Studierende und deren politische, kulturelle und soziale Räume dürfen keinesfalls der Pandemie zum Opfer fallen. Dafür muss die Bundes- und die sächsische Staatsregierung umgehend sorgen. Es müssen entsprechende finanzielle Unterstützungsangebote für alle Mitgliedergruppen an den Hochschulen und für Orte des studentischen Lebens und der studentischen Kultur zur Verfügung gestellt werden, die bisher leider durch alle Netze fallen.

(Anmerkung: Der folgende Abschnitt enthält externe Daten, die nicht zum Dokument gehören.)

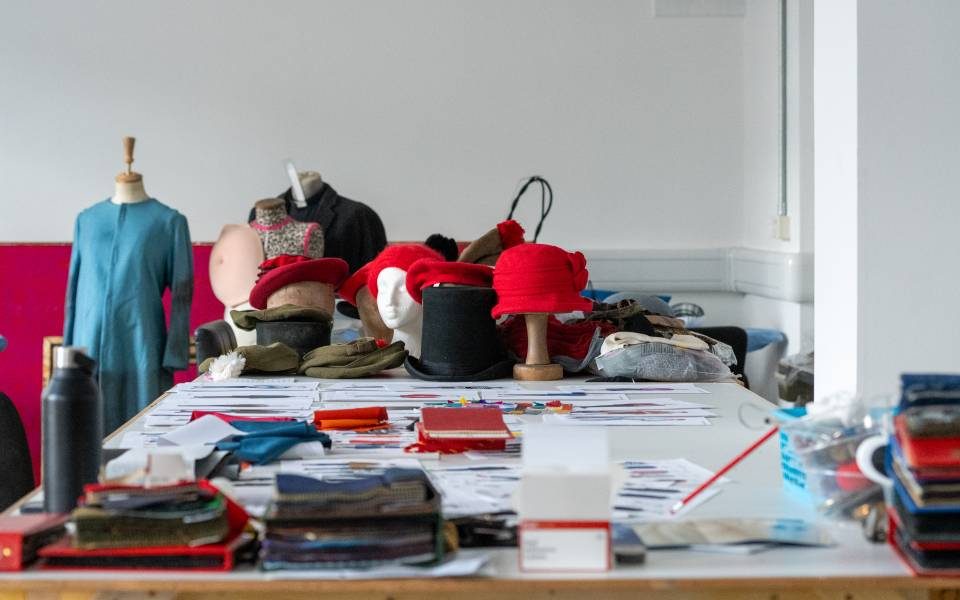 A selection of bits of costume on a table with lots of drawings of costumes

Wenn es darum geht, wie Studieren nach der Pandemie aussehen kann, müssen wir uns der Frage widmen, wie Studieren aussehen sollte. Die Potentiale und Chancen der digitalen Lehre müssten selbstverständlich genutzt werden, ohne dass dabei die Idee einer teilhabeorientierten demokratischen Präsenzuniversität aufgegeben wird. Die sozialen Folgen der Corona-Pandemie müssen nicht nur vollumfänglich abgefedert werden, sondern die Studienfinanzierung muss komplett reformiert werden. Das BAföG muss den Lebensunterhalt von deutlich mehr Studierenden sichern und wieder ein Garant für Bildungsgerechtigkeit werden. Studienabbrüche müssen vermindert werden u.a. durch Ausbau von psychosozialen Beratungsangeboten und der Abkehr von der 3‑Versuche-Regelung bei Prüfungsversuchen. Die Qualität der Lehre muss erhöht werden und zugleich mehr und dauerhafte Stellen an Hochschulen geschaffen werden, die nicht nur ein gutes Betreuungsverhältnis der Studierenden, sondern auch selbstständige wissenschaftliche bzw. künstlerische Arbeit und (Weiter-)Qualifikation ermöglichen. Der Befristungswahnsinn im akademischen Betrieb muss überwunden werden.
Die Corona-Pandemie hat viele Baustellen offenbart und viele Probleme verschärft. Jetzt gilt es, daraus Lehren zu ziehen und diese Baustellen anzugehen.